Trainee Spotlight: Amber Cathey

Amber Cathey is a postdoctoral research fellow in the Environmental Health Sciences department at the University of Michigan who has been working with PROTECT for five years under the mentorship of John Meeker. She earned her Master’s in 2017 and her PhD in 2021. She currently leads several research projects that use advanced statistical methods, gives results from statistical analyses to other trainees to draft manuscripts on, and provides logistical support for the Meeker lab. She has attended the ISEE and SRP conferences since 2018, as well as the Society for Reproductive Investigation conference in 2019.

Amber’s interest in environmental health came after finding out she had familial high cholesterol. She decided to reevaluate her diet, learning about, and cutting out, highly processed foods with additives. Once she made these changes, she noticed issues such as chronic headaches disappearing. Her research didn’t stop there. “I fell down a rabbit hole of research on plasticizers and other chemicals in personal care products,” she said.

Amber came to work for PROTECT through the Meeker lab, starting as a research assistant while pursuing her MPH. Her interest in biomonitoring, endocrine disruption and exposures from consumer products lined up well with the lab work. Amber also found that her working style paired well with John’s leadership style. “I’ve always been an independent worker, and John’s hands-off approach helped me learn when to figure things out on my own and when to ask for help,” she said. This experience solidified her decision to pursue a PhD and encouraged her work with PROTECT. “I was very fortunate to begin a research project to get my feet wet before deciding to apply to the PhD program,” she said.

Being a PROTECT trainee has bettered Amber as a researcher. Working with the large PROTECT cohort, Amber learned that sometimes collaboration is needed over independent work. “It takes a lot of people generating a lot of ideas to come up with the best research questions. I’ve learned to embrace being wrong, and to appreciate being the person in a room who knows the least,” she said. Amber has also learned how to work with large, complicated datasets. When dealing with real-world data, you are dealing with work laced with human error. Researchers must be careful and adamant about addressing issues. “I’ve learned to have patience, to always triple check data, and to notice the signs of errors that inevitably happen when data is processed by multiple people,” she said.

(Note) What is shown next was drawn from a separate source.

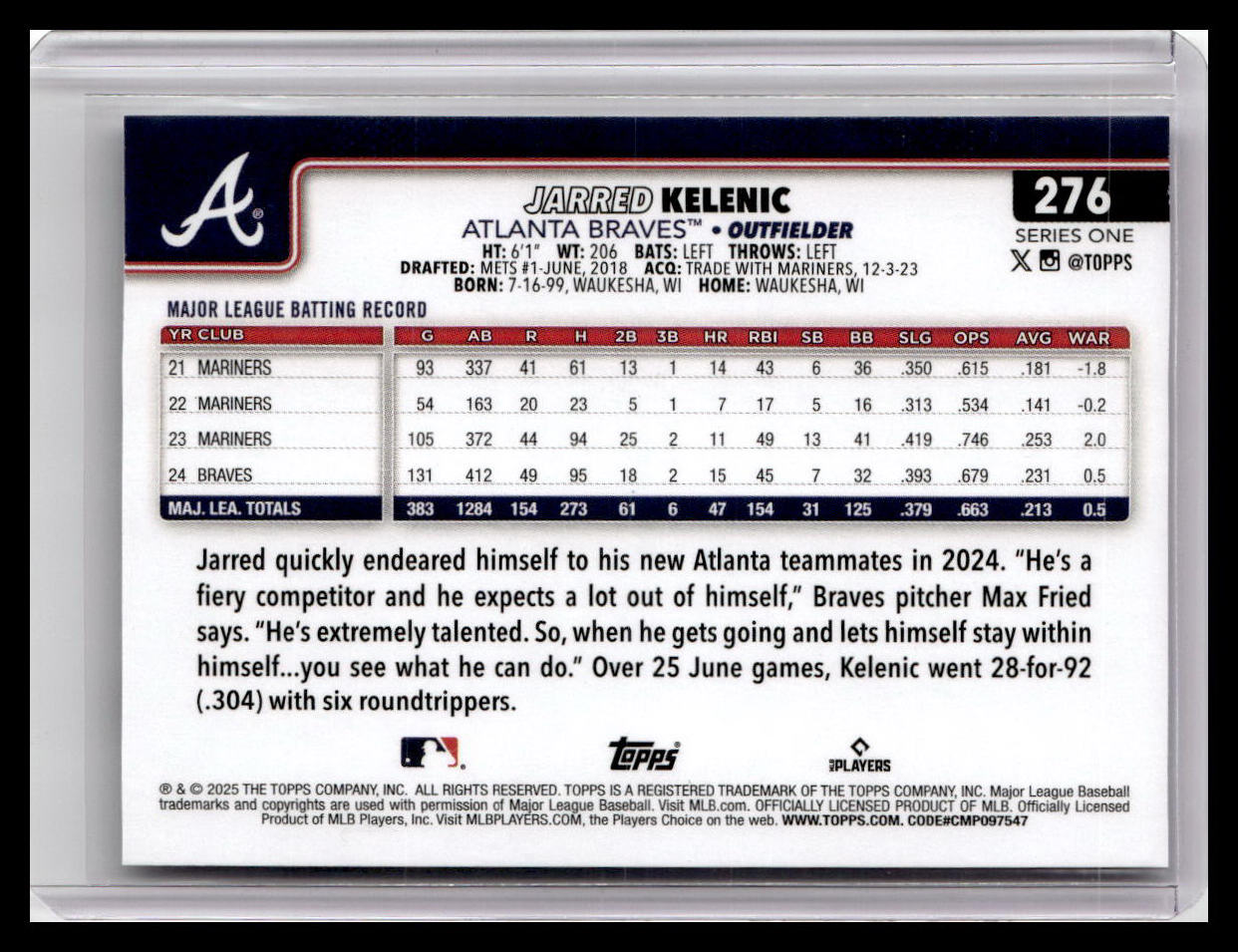 2025 Topps #276 Jarred Kelenic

PROTECT has also given Amber the opportunity to pursue projects outside of her specialty. If she becomes interested in something another lab is studying, there are project leaders and investigators willing to guide her through new datasets and ideas. Everybody is willing to help when a trainee wants to work on something new. Likewise, Amber and others in Meeker lab are always ready to work with people interested in learning more about environmental epidemiology.

Out of all the work she has done while a trainee, Amber is most proud of publishing the second aim of her doctoral dissertation. Her analysis explored the relationship between changes in hormone concentrations and birth outcomes, work she has been interested in since undergrad. When it came to submitting her manuscript for publication, a requirement for the dissertation, there were roadblocks. Amber ended up submitting her manuscript eight times before it was published. Each of the seven rejections came with extensive edits, and a bit of a sting. “Every rejection stings a little bit, but seven rejections in a row stung a lot,” she said. In the end, though, her work was accepted for publication, and she received her PhD. Amber took a valuable lesson from the experience. “I’m better prepared to be resilient in the face of rejection, and to persist even when things feel very bleak,” she said.

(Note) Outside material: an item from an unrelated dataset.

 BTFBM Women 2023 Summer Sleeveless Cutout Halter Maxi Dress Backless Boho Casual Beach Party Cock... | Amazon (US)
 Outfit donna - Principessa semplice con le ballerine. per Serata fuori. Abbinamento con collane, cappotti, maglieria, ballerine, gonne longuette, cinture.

Amber hopes to stay in the Meeker lab, and to be a faculty member on the Research Scientist track as she remains passionate about her work with PROTECT. She has seen how the Center’s work immediately impacts people, and this makes her work fulfilling as well as interesting. Amber has always been thankful for the opportunity to study Superfund contamination and environmental health, but she remains frustrated that it takes a graduate-level education to understand the risks of exposures from consumer products. That is why she is fulfilled doing work that contributes to the greater public knowledge on risks from chemicals and consumer products. “At the end of the day, our work contributes to something beyond a journal publication,” she said.